»»
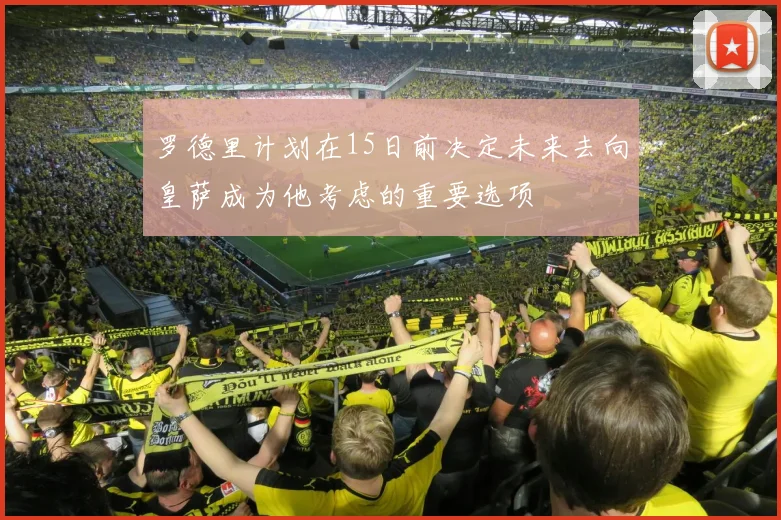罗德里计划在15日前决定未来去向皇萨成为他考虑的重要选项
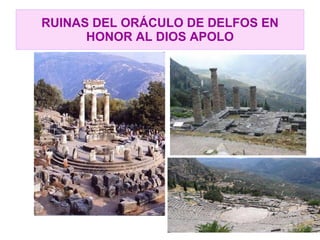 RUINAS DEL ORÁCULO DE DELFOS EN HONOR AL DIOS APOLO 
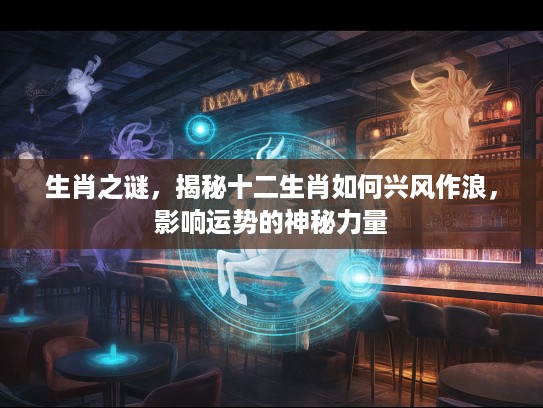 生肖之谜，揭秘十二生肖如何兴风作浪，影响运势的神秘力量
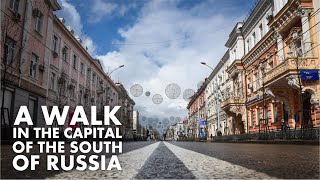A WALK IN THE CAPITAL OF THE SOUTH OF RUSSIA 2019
««
»»
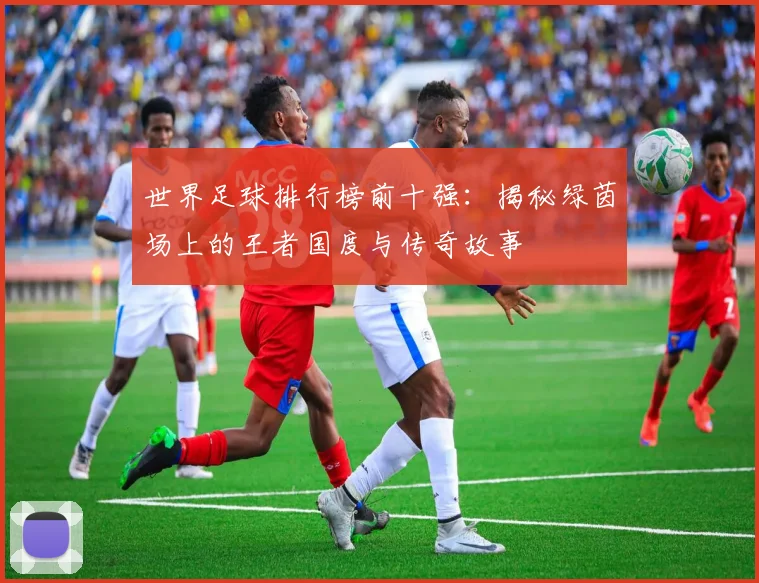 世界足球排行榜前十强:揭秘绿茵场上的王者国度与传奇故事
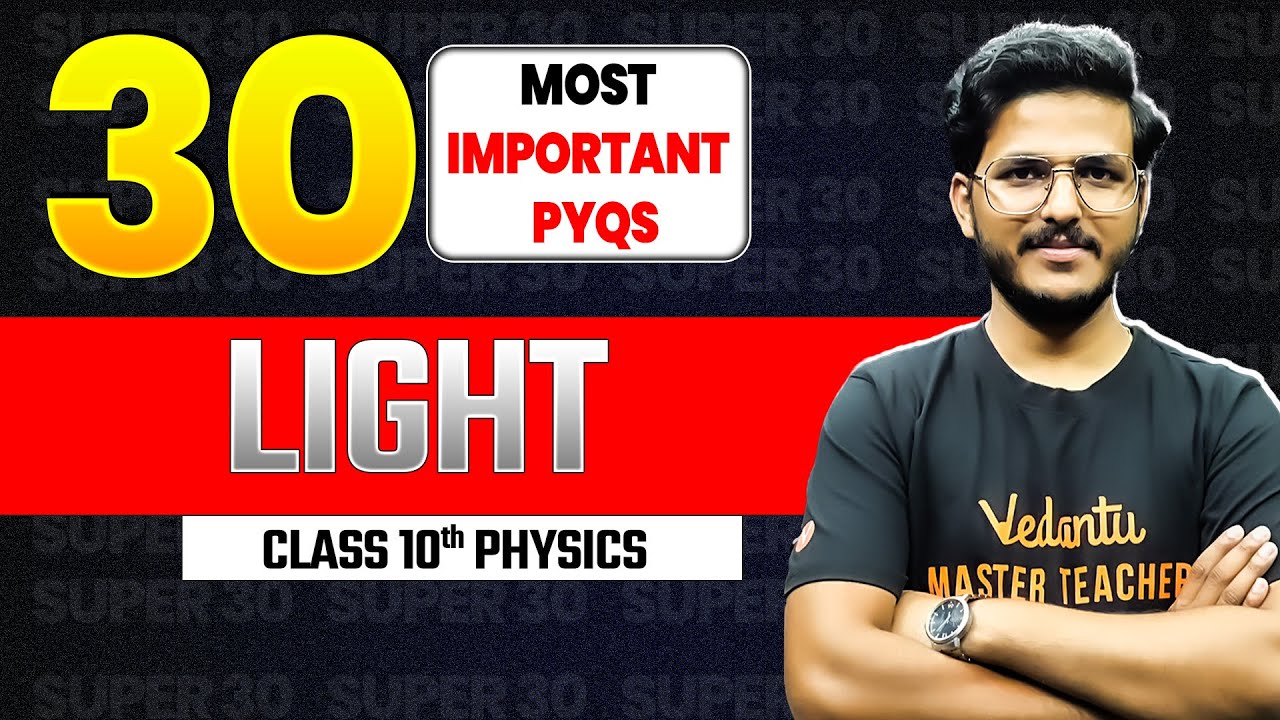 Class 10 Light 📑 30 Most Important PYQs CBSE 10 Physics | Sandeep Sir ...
««
»»
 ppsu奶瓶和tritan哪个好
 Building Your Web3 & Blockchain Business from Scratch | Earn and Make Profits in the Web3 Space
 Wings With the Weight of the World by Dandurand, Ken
««
▸ **ASSIGNED TASK**:
In the listing above, find the line containing "生肖之谜，揭秘十二生肖如何兴风作浪，影响运势的神秘力量" and the line containing "A WALK IN THE"; print those lines and every line between them exactly, leaving out pictures.

▸ **OUTPUT OF THE EXERCISE**:
 生肖之谜，揭秘十二生肖如何兴风作浪，影响运势的神秘力量
A WALK IN THE CAPITAL OF THE SOUTH OF RUSSIA 2019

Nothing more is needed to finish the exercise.